**What is being asked:** Whatever follows the line containing "Ensemble de <span" in the listing below should be printed exactly, along with that line itself.

**Materials provided:**
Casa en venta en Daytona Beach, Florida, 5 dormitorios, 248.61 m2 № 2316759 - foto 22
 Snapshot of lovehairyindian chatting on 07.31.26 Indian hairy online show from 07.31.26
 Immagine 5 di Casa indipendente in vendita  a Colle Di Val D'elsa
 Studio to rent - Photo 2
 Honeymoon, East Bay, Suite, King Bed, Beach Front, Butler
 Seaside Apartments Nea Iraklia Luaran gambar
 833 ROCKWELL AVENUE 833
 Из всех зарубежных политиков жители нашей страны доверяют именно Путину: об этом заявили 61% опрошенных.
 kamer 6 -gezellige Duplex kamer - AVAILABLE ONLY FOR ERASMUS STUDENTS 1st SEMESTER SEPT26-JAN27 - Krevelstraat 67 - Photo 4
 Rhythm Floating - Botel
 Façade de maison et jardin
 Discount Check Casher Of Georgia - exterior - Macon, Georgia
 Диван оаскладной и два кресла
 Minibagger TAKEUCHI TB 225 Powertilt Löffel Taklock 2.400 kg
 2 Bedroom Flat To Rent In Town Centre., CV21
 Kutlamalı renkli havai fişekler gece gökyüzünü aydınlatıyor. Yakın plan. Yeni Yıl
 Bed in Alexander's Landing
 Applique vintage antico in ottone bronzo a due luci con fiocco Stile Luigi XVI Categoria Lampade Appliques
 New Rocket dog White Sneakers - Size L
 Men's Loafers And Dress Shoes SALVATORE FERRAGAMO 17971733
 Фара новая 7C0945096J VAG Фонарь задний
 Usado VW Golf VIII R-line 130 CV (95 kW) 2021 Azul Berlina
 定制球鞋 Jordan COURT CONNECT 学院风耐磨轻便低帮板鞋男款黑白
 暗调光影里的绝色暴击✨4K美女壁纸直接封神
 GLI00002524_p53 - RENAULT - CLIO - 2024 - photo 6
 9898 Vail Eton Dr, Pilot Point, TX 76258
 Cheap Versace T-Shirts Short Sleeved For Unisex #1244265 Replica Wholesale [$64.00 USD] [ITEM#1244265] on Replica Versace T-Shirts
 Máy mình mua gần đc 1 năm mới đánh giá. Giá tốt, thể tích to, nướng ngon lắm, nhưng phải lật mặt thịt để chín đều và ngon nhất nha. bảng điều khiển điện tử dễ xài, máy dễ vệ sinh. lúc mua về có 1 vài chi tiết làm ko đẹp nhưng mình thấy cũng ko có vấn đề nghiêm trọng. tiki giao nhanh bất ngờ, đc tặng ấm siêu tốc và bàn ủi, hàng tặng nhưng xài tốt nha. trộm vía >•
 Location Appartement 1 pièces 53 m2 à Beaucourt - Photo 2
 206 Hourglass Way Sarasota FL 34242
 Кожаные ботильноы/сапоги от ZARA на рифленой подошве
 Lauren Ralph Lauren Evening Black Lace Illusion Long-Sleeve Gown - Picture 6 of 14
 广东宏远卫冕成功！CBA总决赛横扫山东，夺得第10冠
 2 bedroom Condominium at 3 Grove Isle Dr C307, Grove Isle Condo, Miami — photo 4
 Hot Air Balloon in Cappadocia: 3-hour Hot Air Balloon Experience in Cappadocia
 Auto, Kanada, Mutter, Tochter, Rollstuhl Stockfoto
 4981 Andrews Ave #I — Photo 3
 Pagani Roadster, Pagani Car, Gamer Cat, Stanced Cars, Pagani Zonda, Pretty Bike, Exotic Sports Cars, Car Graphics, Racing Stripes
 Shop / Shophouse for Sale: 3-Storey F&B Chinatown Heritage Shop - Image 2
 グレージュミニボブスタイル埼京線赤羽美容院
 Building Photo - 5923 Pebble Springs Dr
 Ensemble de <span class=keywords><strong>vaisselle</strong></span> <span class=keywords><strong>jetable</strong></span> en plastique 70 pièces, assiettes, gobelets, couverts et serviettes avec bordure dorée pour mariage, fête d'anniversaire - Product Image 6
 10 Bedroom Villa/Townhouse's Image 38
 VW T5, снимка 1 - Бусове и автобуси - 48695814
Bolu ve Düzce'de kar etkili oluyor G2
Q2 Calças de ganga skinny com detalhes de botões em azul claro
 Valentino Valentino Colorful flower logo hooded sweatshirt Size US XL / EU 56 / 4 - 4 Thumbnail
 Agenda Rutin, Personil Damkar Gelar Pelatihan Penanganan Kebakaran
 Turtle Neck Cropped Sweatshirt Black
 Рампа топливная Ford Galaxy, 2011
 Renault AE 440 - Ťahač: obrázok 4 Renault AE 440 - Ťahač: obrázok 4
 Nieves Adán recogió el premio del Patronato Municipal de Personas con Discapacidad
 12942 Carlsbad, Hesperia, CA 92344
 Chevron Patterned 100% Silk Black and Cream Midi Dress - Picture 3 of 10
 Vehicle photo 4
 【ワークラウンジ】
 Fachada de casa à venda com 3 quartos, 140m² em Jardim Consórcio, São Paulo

**Written reply:**
 Ensemble de <span class=keywords><strong>vaisselle</strong></span> <span class=keywords><strong>jetable</strong></span> en plastique 70 pièces, assiettes, gobelets, couverts et serviettes avec bordure dorée pour mariage, fête d'anniversaire - Product Image 6
 10 Bedroom Villa/Townhouse's Image 38
 VW T5, снимка 1 - Бусове и автобуси - 48695814
Bolu ve Düzce'de kar etkili oluyor G2
Q2 Calças de ganga skinny com detalhes de botões em azul claro
 Valentino Valentino Colorful flower logo hooded sweatshirt Size US XL / EU 56 / 4 - 4 Thumbnail
 Agenda Rutin, Personil Damkar Gelar Pelatihan Penanganan Kebakaran
 Turtle Neck Cropped Sweatshirt Black
 Рампа топливная Ford Galaxy, 2011
 Renault AE 440 - Ťahač: obrázok 4 Renault AE 440 - Ťahač: obrázok 4
 Nieves Adán recogió el premio del Patronato Municipal de Personas con Discapacidad
 12942 Carlsbad, Hesperia, CA 92344
 Chevron Patterned 100% Silk Black and Cream Midi Dress - Picture 3 of 10
 Vehicle photo 4
 【ワークラウンジ】
 Fachada de casa à venda com 3 quartos, 140m² em Jardim Consórcio, São Paulo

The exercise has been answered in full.